Es dauerte nicht lange bis ich ein Bild von der Antwort innerlich vor mir sah: Den Kontakt zu C. wieder finden und ihre Aufmerksamkeit ablenken – hin zu etwas, was ihr augenblicklich gut tut.
Bevor ich mir zu viele Gedanken über das „wie“ machen konnte, lud ich sie still ein, mit mir zurück zu kommen. Hier her, wo wir uns grade befanden – in der Gegenwart – nicht in der Vergangenheit. Dann fand ich auch wieder Worte, mit denen ich sie erreichen konnte:
Niemand war aktuell da, der das befürchtete Horrorszenario hätte auslösen können. Niemand hatte ihren „Anfall“ mitbekommen. Nur sie und ich und die stille Nacht war da. Daran gab es keinen Zweifel – auch nicht für sie. Wir befanden uns in ihrer Wohnung, mit allem, was man zum Leben braucht. Dieser Moment war gut und sicher und neu. Und der nächste kann genauso werden, und der nächste auch – wenn sie sich daran erinnert, dass aktuell wirklich keine Gefahr droht. Darauf lässt sich eine schöne Zukunft bauen. –
C. wurde ruhiger und fand scheinbar recht schnell wieder zu sich selbst. Ich fühlte mich zwar erleichtert, war aber nicht sicher, ob noch etwas kommt. Als C. aber wenig später aufstand, um Tee zu kochen, konnte ich endlich beruhigt aufatmen: Die Episode war beendet. Oder doch noch nicht? C. hatte Angst, dass sie eines Tages wieder von ihren Gedanken gepeinigt werden könnte, und dann allein – hilflos ausgeliefert ist.
„Du kannst wählen, ob du dich furchterregenden oder friedlichen Gedanken hingeben willst“, sagte ich zu ihr. Das wies sie vehement zurück, weil sie glaubte, dafür zu schwach zu sein. Ohne lange zu überlegen nahm ich das komische Bild, das in dem Moment in mir aufstieg: „Das ist genauso einfach wie wenn du dich zwischen Erdbeer- oder Vanille-Eis entscheiden sollst“. Ok – manchmal ist auch das schon schwer genug 😉 Aber um was es im Grunde ging wurde ihr schnell klar, und das hatte sich sofort in ihr verankert. – Als jetzt ihre Augen kaum wahrnehmbar blitzten und ein Lächeln über ihr Gesicht flog wußte ich: Die Episode ist vorbei. Nun können wir beruhigt schlafen gehen.

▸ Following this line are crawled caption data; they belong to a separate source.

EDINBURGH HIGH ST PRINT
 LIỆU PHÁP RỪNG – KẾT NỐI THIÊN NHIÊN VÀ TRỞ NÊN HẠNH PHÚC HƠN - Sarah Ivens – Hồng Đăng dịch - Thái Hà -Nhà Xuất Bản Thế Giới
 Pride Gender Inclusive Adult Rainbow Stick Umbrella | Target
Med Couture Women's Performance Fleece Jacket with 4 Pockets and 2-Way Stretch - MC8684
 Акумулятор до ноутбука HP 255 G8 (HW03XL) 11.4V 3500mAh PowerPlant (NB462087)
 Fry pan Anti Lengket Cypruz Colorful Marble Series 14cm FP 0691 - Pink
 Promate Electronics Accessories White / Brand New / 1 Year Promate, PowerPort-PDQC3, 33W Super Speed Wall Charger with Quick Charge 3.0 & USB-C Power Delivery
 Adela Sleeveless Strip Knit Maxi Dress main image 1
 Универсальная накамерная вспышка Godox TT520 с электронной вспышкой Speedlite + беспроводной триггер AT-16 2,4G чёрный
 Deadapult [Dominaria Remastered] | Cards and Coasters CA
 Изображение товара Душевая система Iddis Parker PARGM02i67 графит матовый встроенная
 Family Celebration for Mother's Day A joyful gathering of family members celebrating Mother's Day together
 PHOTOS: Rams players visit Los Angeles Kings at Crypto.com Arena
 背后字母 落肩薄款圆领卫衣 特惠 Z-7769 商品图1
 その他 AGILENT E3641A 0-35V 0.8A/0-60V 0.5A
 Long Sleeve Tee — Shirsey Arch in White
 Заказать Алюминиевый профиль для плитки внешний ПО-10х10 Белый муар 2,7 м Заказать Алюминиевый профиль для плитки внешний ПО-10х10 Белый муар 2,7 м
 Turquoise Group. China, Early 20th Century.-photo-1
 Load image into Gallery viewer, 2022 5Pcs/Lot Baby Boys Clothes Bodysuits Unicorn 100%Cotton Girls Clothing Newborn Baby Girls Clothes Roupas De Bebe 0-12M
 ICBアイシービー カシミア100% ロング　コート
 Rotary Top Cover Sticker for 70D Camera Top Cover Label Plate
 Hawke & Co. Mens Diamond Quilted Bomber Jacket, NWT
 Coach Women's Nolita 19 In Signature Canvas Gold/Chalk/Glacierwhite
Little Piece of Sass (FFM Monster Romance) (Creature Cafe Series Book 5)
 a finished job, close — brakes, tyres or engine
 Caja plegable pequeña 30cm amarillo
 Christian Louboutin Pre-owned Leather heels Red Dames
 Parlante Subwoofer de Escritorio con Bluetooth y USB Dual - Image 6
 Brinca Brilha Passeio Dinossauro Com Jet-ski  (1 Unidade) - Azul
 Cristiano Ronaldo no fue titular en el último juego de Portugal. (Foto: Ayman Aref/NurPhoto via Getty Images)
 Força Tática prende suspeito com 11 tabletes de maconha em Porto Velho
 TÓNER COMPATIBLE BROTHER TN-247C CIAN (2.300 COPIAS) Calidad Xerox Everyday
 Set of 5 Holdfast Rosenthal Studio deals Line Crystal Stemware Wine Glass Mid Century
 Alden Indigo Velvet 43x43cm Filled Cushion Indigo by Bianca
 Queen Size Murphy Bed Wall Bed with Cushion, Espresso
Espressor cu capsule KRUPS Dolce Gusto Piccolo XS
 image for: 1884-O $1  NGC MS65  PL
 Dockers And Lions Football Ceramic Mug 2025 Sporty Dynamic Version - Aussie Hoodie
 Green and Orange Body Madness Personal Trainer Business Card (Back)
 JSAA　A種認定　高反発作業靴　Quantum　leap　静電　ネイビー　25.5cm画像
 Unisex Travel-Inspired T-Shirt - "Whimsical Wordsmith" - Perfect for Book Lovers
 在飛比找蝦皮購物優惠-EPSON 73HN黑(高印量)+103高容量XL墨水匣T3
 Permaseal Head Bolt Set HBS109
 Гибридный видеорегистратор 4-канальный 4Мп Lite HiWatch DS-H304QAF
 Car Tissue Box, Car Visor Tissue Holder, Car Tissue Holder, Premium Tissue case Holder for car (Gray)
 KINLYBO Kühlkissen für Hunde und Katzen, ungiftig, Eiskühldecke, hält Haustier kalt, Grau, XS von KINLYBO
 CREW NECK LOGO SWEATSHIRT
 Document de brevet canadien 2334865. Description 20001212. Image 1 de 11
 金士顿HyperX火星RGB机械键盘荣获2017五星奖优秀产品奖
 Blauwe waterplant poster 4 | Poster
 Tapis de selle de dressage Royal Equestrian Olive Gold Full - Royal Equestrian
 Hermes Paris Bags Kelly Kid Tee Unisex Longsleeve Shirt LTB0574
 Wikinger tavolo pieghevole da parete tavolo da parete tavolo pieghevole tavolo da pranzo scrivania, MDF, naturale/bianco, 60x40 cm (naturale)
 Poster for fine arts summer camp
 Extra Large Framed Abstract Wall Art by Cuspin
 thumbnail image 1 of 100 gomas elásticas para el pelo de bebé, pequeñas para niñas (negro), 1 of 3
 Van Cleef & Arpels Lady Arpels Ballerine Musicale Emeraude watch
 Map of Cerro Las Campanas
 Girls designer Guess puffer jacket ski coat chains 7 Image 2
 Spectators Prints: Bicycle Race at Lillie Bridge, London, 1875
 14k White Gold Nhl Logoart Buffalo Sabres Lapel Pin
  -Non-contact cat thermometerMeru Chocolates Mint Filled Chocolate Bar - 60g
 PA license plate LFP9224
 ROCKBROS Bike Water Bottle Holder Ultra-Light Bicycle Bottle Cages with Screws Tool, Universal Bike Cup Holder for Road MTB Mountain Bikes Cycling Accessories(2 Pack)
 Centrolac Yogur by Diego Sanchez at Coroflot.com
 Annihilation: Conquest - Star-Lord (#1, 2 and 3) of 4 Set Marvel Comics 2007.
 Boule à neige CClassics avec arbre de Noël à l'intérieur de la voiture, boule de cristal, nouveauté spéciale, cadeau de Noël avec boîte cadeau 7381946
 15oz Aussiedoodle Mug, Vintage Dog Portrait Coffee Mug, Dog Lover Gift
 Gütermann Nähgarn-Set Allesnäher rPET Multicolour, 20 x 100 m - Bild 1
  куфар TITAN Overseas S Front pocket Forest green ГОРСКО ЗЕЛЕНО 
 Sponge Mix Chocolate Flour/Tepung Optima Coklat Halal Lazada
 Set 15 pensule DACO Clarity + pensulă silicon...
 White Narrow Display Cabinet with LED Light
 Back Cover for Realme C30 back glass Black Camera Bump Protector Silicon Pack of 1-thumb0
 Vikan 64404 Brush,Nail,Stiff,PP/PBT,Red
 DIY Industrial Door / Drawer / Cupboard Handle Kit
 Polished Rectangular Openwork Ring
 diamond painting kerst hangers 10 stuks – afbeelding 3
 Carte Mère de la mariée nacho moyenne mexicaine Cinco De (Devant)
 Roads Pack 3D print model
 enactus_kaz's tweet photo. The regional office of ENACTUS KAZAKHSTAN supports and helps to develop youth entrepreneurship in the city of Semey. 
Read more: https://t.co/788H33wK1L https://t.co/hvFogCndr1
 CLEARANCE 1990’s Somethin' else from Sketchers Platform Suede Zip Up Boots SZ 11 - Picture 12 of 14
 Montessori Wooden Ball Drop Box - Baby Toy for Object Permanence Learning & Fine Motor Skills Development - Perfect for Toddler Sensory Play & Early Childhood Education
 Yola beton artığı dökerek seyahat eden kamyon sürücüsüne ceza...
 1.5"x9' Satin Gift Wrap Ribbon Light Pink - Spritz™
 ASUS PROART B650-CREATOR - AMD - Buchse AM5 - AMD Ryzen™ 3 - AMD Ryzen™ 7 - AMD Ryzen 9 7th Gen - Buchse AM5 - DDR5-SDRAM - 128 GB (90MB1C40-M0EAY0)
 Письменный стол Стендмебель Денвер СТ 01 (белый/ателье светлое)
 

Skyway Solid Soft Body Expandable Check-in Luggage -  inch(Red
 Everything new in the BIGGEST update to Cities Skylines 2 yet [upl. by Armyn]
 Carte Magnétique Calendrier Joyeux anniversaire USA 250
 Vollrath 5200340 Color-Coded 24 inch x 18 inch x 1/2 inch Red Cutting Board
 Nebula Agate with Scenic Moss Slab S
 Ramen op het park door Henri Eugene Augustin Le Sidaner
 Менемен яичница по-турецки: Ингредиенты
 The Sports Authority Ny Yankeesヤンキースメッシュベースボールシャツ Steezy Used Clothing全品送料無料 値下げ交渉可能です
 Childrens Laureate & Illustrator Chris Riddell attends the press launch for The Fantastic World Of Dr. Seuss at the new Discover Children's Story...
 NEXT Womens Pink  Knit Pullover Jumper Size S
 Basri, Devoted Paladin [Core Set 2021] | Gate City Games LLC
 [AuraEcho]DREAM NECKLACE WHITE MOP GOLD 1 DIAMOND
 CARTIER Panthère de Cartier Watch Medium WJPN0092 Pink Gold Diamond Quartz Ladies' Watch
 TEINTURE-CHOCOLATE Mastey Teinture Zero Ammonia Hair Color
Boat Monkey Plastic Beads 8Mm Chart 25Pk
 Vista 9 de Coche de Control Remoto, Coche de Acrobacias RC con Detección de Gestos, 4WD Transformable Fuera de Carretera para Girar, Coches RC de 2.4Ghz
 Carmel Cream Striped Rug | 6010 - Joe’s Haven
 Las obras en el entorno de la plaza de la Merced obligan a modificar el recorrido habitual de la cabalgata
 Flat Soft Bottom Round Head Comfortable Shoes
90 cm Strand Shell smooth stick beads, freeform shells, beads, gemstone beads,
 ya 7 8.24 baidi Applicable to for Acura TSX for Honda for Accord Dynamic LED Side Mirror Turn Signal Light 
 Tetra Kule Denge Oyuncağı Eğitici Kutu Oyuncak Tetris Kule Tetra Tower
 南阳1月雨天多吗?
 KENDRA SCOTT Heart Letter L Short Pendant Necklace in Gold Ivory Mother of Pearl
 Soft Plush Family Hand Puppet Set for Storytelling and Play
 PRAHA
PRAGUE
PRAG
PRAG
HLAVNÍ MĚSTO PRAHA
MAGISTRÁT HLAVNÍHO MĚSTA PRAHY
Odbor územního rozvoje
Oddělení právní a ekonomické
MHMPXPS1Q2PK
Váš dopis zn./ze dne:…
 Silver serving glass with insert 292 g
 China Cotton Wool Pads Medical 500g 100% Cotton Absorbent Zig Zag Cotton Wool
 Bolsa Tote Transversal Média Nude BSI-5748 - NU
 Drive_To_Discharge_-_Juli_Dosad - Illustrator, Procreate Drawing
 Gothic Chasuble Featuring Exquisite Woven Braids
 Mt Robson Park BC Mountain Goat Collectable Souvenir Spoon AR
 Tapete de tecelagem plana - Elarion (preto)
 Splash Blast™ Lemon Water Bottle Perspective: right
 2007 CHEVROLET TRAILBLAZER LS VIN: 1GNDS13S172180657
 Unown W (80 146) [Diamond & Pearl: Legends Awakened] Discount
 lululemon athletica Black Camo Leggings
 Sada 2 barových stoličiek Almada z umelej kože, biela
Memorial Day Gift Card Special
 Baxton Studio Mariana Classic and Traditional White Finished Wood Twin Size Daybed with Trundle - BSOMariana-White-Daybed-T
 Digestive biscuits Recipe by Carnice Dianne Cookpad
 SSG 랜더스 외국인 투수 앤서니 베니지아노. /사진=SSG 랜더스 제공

Obwohl sie seitdem allein auf sich gestellt war, und die schrecklichen Erinnerungen von Zeit zu Zeit wieder aufsteigen: C. erinnert sich jetzt immer an die Entscheidung zwischen Erdbeer- oder Vanille-Eis. Und für sie funktioniert es bis heute.
Es war das erste Mal, dass ich diese „Methode“ unter so extremen Bedingungen unversehens anwenden konnte. Aus menschlicher Sicht hätte ich gut darauf verzichten können. Aber im Nachhinein bin ich dankbar für die Erfahrung, weil sie mein Vertrauen ein weiteres Mal gestärkt hat. Dennoch: Jede Situation ist wieder neu und erfordert andere Antworten. Deshalb ist das Einzige, was im Moment zählt die Präsenz – wenn auch nur von einem der Anwesenden.